10.06.2005

Study Proposal

This year I’m planning to continue working using a similar method to last year’s sculptures and installations. The main difference is that I want the final work to have rather a really well finished pristine look or a rough, almost anti-art, careless finish. It is important for me to explore these two extremes.

3D work will be my main area of interest, but I won’t stop myself from using photography, drawing, computer programs or even painting if it becomes relevant (the same happened in 2004/2005).

Just like last year Craig Cooper and I will be cooperating in the recollection of objects, their re-contextualization and assemblage.

I’m aiming for a body of work that will have opposite effects on the observer: seduction and discomfort, interactivity and enigma. Enigma and discomfort will often be part of scientific, industrial, philosophical and psychological ideas I’ve started exploring in previous work. Seduction and interactivity will hopefully emerge from composition, colour, materials, transparent surfaces, lights, technology (data projectors, sound systems, simple mechanisms, prints and printers, etc…).


I’m planning to explore randomly (as I feel is more convenient) a long list of artists: Da Vinci, Maeda, Kandinsky, Calder, John Cage, Kitaj, Donald Judd, Bosh, Rebecca Horn, Basquiat, Jean Tinguely, Barceló, Dan Flavin, Marcel Duchamp, Lin Cohen, Tony Crag, Goya, Anish Kapoor, Rauschenberg, Cabrita Reis, Rothko, Oursler, Caro, Keifer… Some of them were already important to my work but I just couldn’t avoid mentioning them.

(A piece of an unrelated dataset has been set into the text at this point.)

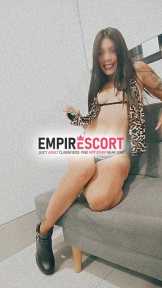 almita flaca culoncita complaciente girl sexosa chupona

Probably most of the content of the work will come from philosophers, scientists and writers such as: Nietzsche, Joyce, Wittgenstein, José Gil, Susan Sontag, Gödel, Heidegger, Blogglie, Schrödinger, Plato, Freud, Derida, Bohr, Heisenberg… Some crucial ideas may just emerge from everyday life, the internet, advertising, criticizing Craig Cooper’s recent obsession with existentialism or his “old POMO” attitude, or even his critics to my references (most of them painters), neuro-psychology investigations and Portuguese more or less typical obsessions.

Objects skipped by the engineering school are certainly going to be visually and conceptually inevitable since they work like an emotional residue of my current Portuguese engineering university (yes it’s true, ironically, I’m still a biological engineering student). Squares and Cubes will probably play a central role in my work since the Portuguese typical floor (calçada) and walls (ceramic tiles) have these shapes and also because it is a simple unit that resembles a pixel allowing me to use it in a modular system or a “cellular tissue”. This works like a bridge between my past and my present. Patent books are very likely to become the most relevant visual influence during this year. If last year they were already relevant, this year I may use them more intensively and deeply.